**Directions**
Only the lines below from the one that holds "Brass Life Story" through the one that holds "Розетка одноместная со" should appear in the answer, copied exactly, end lines included and pictures omitted.

**Material shown**
• • • • •
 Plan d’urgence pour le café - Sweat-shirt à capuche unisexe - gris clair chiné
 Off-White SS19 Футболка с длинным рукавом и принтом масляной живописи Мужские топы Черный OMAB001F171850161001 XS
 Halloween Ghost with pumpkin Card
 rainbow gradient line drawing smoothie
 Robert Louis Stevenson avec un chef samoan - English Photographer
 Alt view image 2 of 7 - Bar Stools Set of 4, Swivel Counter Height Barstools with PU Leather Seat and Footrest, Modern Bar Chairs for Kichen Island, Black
• • • • •
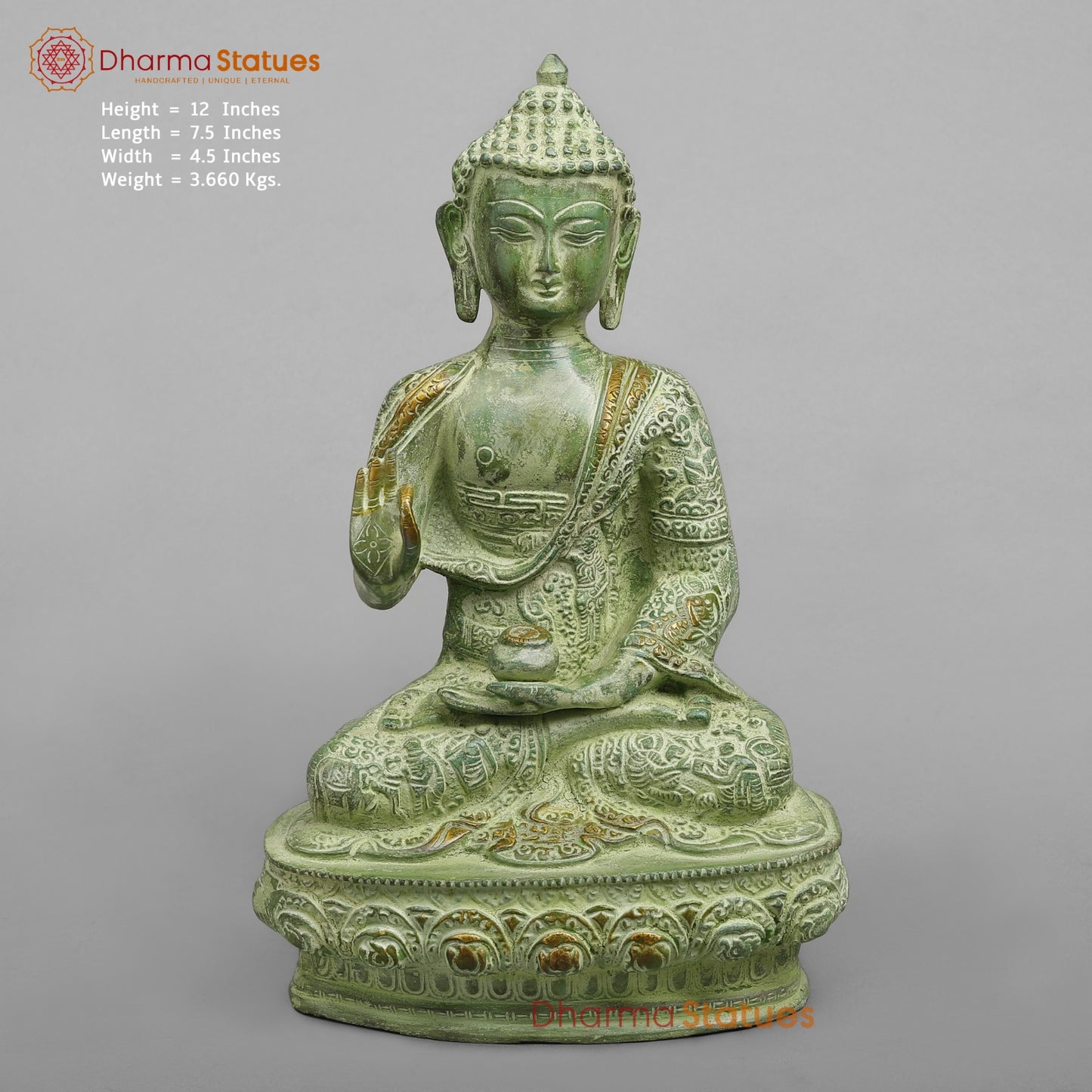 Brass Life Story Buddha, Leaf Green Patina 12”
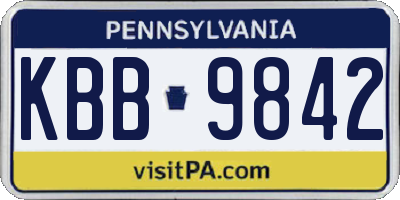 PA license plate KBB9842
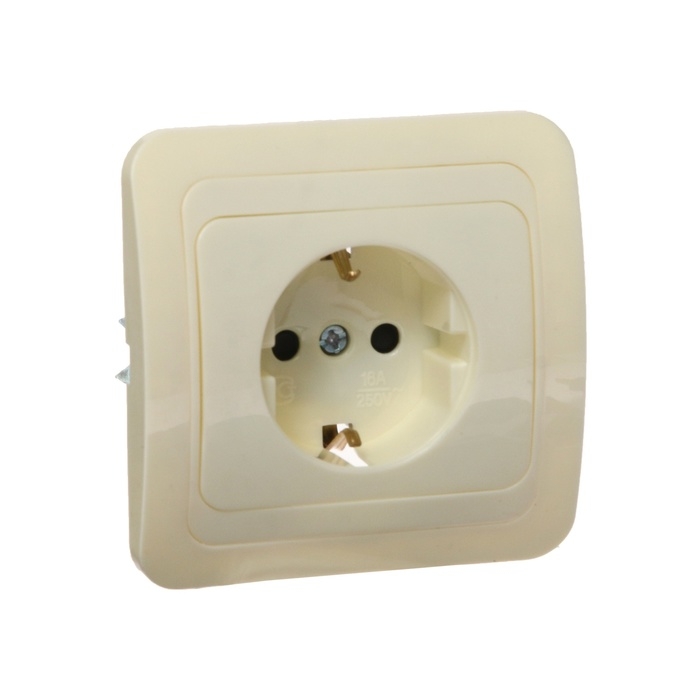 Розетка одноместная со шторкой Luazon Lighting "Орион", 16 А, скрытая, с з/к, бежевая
• • • • •
**Answer to this exercise**
 Brass Life Story Buddha, Leaf Green Patina 12”
 PA license plate KBB9842
 Розетка одноместная со шторкой Luazon Lighting "Орион", 16 А, скрытая, с з/к, бежевая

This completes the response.